What if we postulate a particle that has an electric field with an outer limit to it, so the field stops at some arbitrary radius “r”. This is not too surprising - after all there must be some sort of inner limit to any particle’s electric field or the energy in the field would be infinite (you can search for equations for the Classical Radius of the Electron” on the internet to find the details), so why can’t there be an outer boundary? Let us also assume that within this limit the field follows an inverse-square law.

If two particles of the same field polarisation, with this limited electric field, are brought together, then the characteristics must be:-

• Beyond a separation of 2.r the electric fields do not overlap and there are no interacting forces.
• As the separation drops from 2.r to r the attractive part of the fields increasingly overlaps, and attractive forces result.
• At a separation of r the attractive and repulsive forces are in balance .
• Below a separation of r the field’s repulsion climbs dramatically.

This has the following consequences:-

• The natural separation of these particles is either r - the particles will place themselves at the balance point between repulsion and attraction - or at separations greater than 2.r where the fields do not interact.
• Coulomb’s Law does not apply to this field geometry. Even though the field follows an inverse-square law within its limit, the interaction is nothing like an inverse-square law, except for separations many times less than r, when coulomb’s Law would again apply.

The force/separation picture computed from the numerical integration looks like this:-

Now the last surprise- see here for an example of the force/separation of the strong nuclear force. It has the same shape. Also, the existence of a short-range electric field around the neutron has been reported, although the repulsive part of the field has sometimes been associated with a positive field and the attractive part with a negative field.

Now let us put some numbers in here. If this is an active component of a neutron:-

• The field radius r must be less than 10^-15 meters, and from some reports of force/separation would seem to be about 0.35 E^-15 meters.
• The simple electric field means that the neutron can have no electric dipole moment.
• The presence of the electric field means that a spinning neutron will have a magnetic dipole.
• Neutrons would appear to pack quite easily, since with three in a row there would be no field overlap between the two outer ones but they would be bonded by the central one. The neutrons might build a diamond-like lattice structure (face centred cubic). Under appropriate conditions there would be no practical limit to the size of such a structure, as shown by the existence of neutron stars.
• The peak attractive force is only about 80% of what Coulomb’s Law would give for an electron at that separation (this is still greater than the 22% of the energy in the attractive field, since it is enhanced by the suddenness of the limit). For a strength quoted as 135 times as great as the electron’s field, the neutron field strength (or unit charge) is required to be 13 times as strong as the electron’s (given by the square root of 135/80%).
• If the proton is a simple structure like an electron, it will have negligible interaction with the neutron at any distance, but as it closes within a separation of 2.r the repulsive forces build up dramatically. So for the proton to bind in the neutron it needs a core similar to that of the neutron, even though its far field is similar to an electron’s. Such a core field could readily overcome the proton’s far field repulsion of other protons in the same nucleus.

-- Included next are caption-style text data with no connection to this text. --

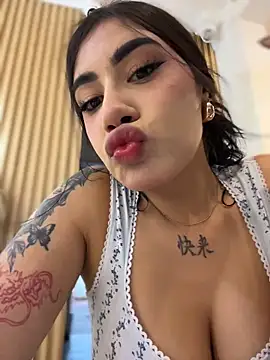 clarachanelricek online show from 12-15-25, 07:29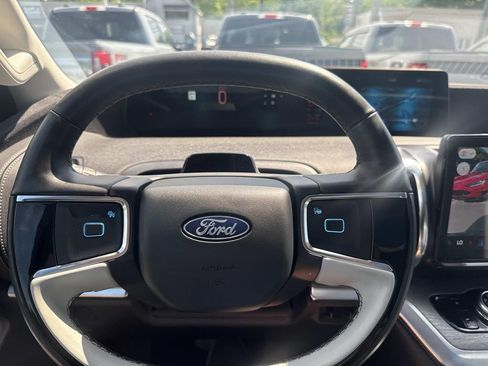 Used 2025 Ford Expedition Platinum w/ Driver's Package AWD/4WD image 29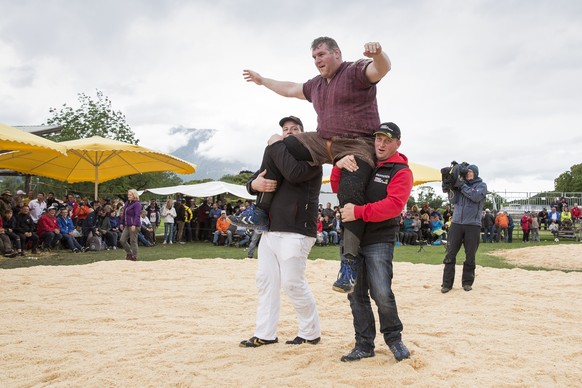 Le lutteur Christian Stucki, porte en triomphe, lors de la finale de la Fete Romande de lutte Suisse ce dimanche 12 juin 2016 a Aigle, Vaud. Le lutteur Christian Stucki remporte la Fete Romande. (KEYS ...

Want to check the reasoning? Work through it below...

First, the basics of electrostatic interaction...

1. A point in space with an electric field has a vector describing the direction of the field, and the length of the vector (or “modulus” of the vector) is the strength of the field.
2. The energy density at a point an electric field is proportional to the square of the modulus of the electric field strength.
3. If two electric fields overlap in the same space, the field vectors are added as vectors to get the new composite vector, and this usually has a different field strength and a correspondingly different energy density. For example, if two fields “a” and “b” overlap perfectly, they will add to give a field strength of “a+b”, but the energy density will rise from “a²+b²” to “(a+b)²” = “a²+b²+2ab”, an increase of 2ab in energy density.
4. If, when two fields are added and the combined result has a lower energy density than the two individual fields, attractive forces are produced that draw the sources of these fields closer together. Conversely, if the combined result has a higher energy density then repulsive forces will push their sources apart. Hence forces work to reduce the energy in the system.

Next, the basics of electron-electron interaction...

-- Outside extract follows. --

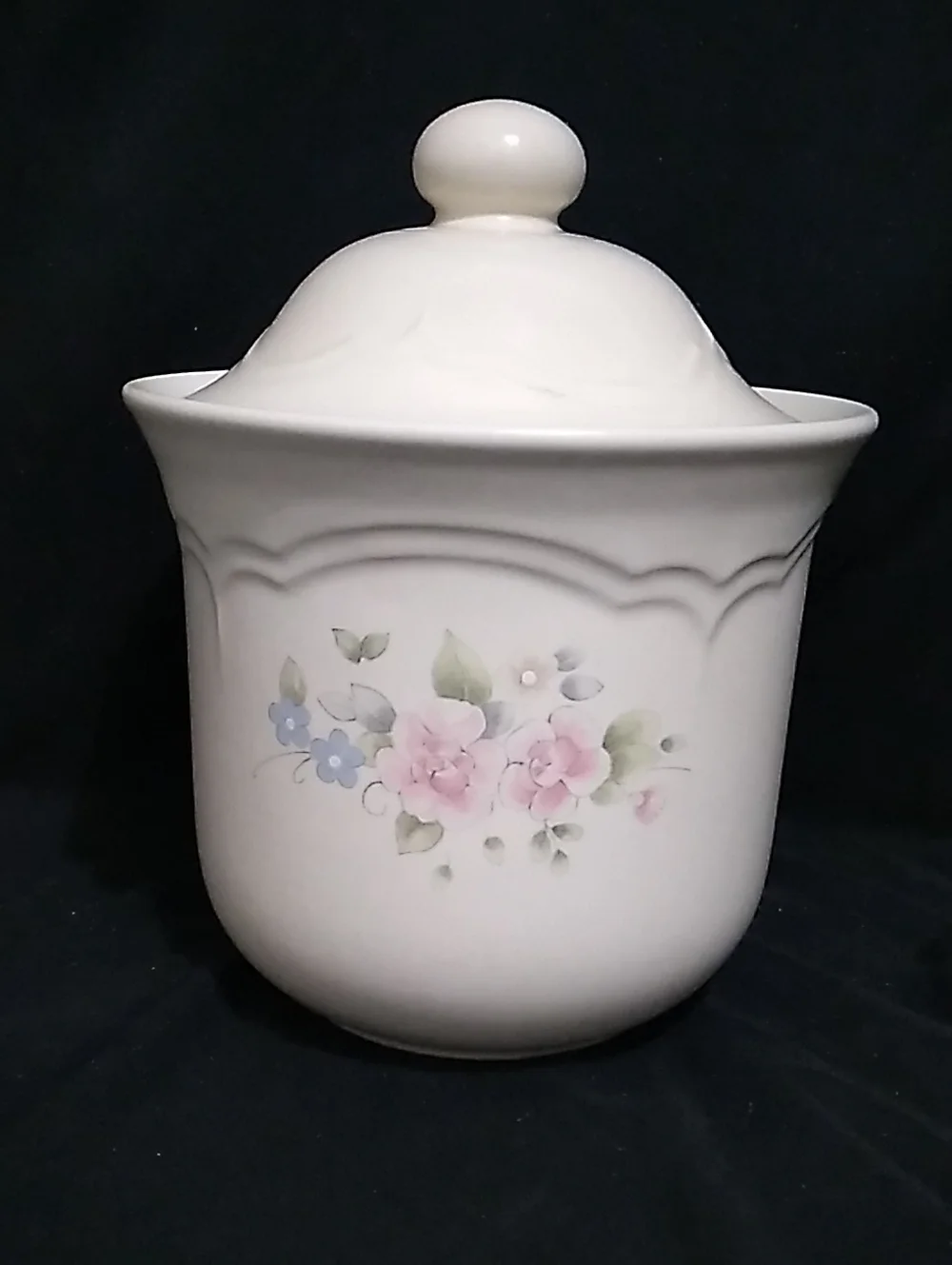 Vintage Pfaltzgraff Tea Rose Stoneware Canister (B9)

The electron’s electric field is polar, radiating from the centre. If two electrons are placed near each other the field lines that point more-or-less towards each other will oppose and tend to cancel each other out, causing attractive forces; this applies to vectors which intersect at angles between 180 and 90 degrees. Field lines that cross at 90 degrees to each other will be orthogonal, and will have no effect on each other. Field lines that intersect at angles under 90 degrees will reinforce each other and create repulsive forces.

The inside of the sphere shown, with the electrons on the circumference, is a region where the two fields partially cancel, leading to a reduced energy density and hence contribute an attractive force. The outside of the sphere is a region where the two fields reinforce, leading to higher energy densities and hence contribute a repulsive force. The attractive force inside the sphere is only about 22% of the repulsive force outside this sphere, so the net effect is one of repulsion. This is exactly what we see, that two electrons brought together will repel each other.

So what if the neutron had a bounded positive electric field?...

That is, what if the neutron had a positive electric field that stopped at some minuscule radius? How would two neutrons interact? At distances where the two fields did not overlap there would be no effect. At a separation of twice the radius the fields would just touch, then as they came even closer they would attract because only the fields inside the attraction sphere would be interacting.

As they were brought further together the attraction would dramatically increase until the separation drops to about 1.05 times the radius, then as the separation drops further to 1.0 times the radius the attractive force dramatically drops to zero and at this distance, with each neutron on the circumference of the other’s bounded field, the attractive and repulsive forces are in balance. Below this separation the repulsion increases dramatically.

Although the attractive energy involved is only about 22% of the conventional electrostatic field structure, force is the rate of change of energy with change in distance, and because the onset is so rapid compared with the conventional field structure, the attractive forces involved are about 80% of the conventional repulsive value.

This ties in well with the attractive / repulsive behaviour of the neutron. See here for some background info.

But there are two objections:-

1. If we take the field strength as equivalent to an electron, then the forces are too weak.
2. The Proton-neutron interaction is two orders weaker again.

But if....

1. If the neutron’s electric field strength were not only bounded, but about 13 times as strong as the electron’s electrostatic field, then neutron-neutron forces would be of the correct order and behaviour for the strong force.
2. If the proton had a similar core at its centre then neutron-proton and proton-proton short-range interaction would be similar.

...and it would all work out.

This gives a field around each proton and around the nucleus that repels electrons at close quarters, preventing them falling into the nucleus as they would with a positron. The picture then becomes one where the proton is similar to a composite of a positron and a neutron (note that to have a finite amount of energy in the electric field, there must be an inner boundary to every electric field in every charged particle)...

Now being quite speculative, we might imagine that a proton would behave as if it was built from a neutron and a positron (it is unlikely to be this simple)...

• Neutrons would attract each other at close range, but would repel at extreme close range at separations less than the neutron charge radius.
• Protons would repel each other at medium-to-long range, but attract neutrons at close range, and again repel at separations below the neutron radius.